Does ref counting have terrible memory access?

Context: playing with an persistent b-tree impl

Question: does ref counting just have absolutely horrible memory access patterns ? When creating a new node, for every children we need to read the ref count, increment it, write it back out. This is basically totally random memory accesses.

Are there clever ways around this or is this just a fundamental limitation of ref counting ?

Yes, reference counting has this sort of bad memory access pattern (and that's one of the reasons why it's less popular in language designs than more complex garbage collection algorithms).

However, note that you can use Rust's core features to avoid updating reference counts in some common cases:

  • If you move an Rc<T> from one place to another, no refcount updates happen.
  • If you borrow an Rc β€” that is, pass around a &Rc<T> β€” then again, no updates happen, unless some function decides it needs to keep the reference and clone()s it.
  • (And, of course, you can borrow the contents, &T, if cloning isn't expected either.)

Thus, it's easy to write code with a minimal amount of reference count updates which would require lots of care without Rust's moves and borrows.

That said, this doesn't help you with your stated problem β€” if you create a new parent for some nodes in a persistent tree, then yes, you have to increment the counts of every child. Note that this isn't especially worse than e.g. iterating over the tree β€” that involves β€œrandom” accesses to many nodes too.

7 Likes

At this point I find myself wondering: why not just use an arena-based tree e.g. (shameless plug) gctree?

2 Likes

I am playing with my own implementation of 'persistent vector backed by btrees'. It is already arena based for allocations.
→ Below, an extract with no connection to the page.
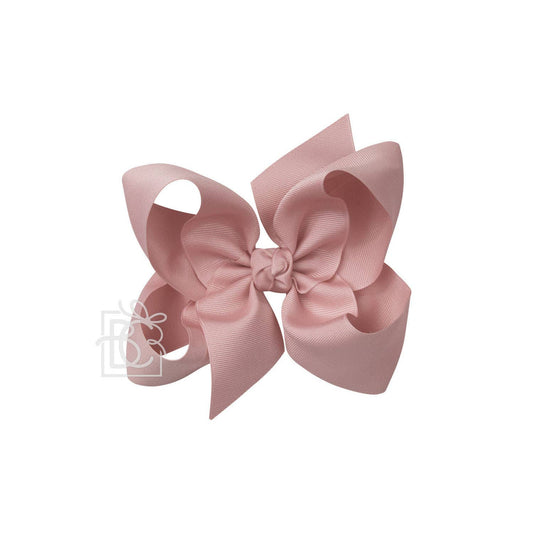 SIGNATURE GROSGRAIN BOW ON CLIP: 6.5" Jumbo - 2.25" Ribbon on Lg. Alligator Clip / ANT. MAUVE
I am curious why you picked gc over a custom ref-count (in this case, a Vec). I am agnostic on what the right solution is, and am interested in hearing the thought process that led you to pick gc.

The GC in this case refers to the tree nodes, not general garbage collection.

When you delete a subtree, the nodes in that subtree are not dropped, but retained within the tree. In essence it's a performance optimization. When a new node is created, if there is a garbage node then that is used. Only if there is no garbage node available is a new node allocated by the allocator used by the program.

The reason I included it is because since the Node type is generic, when instantiated to a type it could be arbitrarily large (and thus potentially expensive to drop). In addition, my own use cases for the crate favor faster runtime speeds over smaller memory consumption.

2 Likes

I am rusty on rust, but isn't it the case you can have a "persistent" (shared) tree where only the tree as a whole has a ref count? Maybe you mean the "internals" of the tree are shared, but that would seem an unusual use case to me, regarding a btree as a kind of container.

[ Big disclaimer: I may be talking nonsense, as I said I am VERY rusty on rust ]

Internals

Internals are shared. See: Persistent data structure - Wikipedia

This topic was automatically closed 90 days after the last reply. We invite you to open a new topic if you have further questions or comments.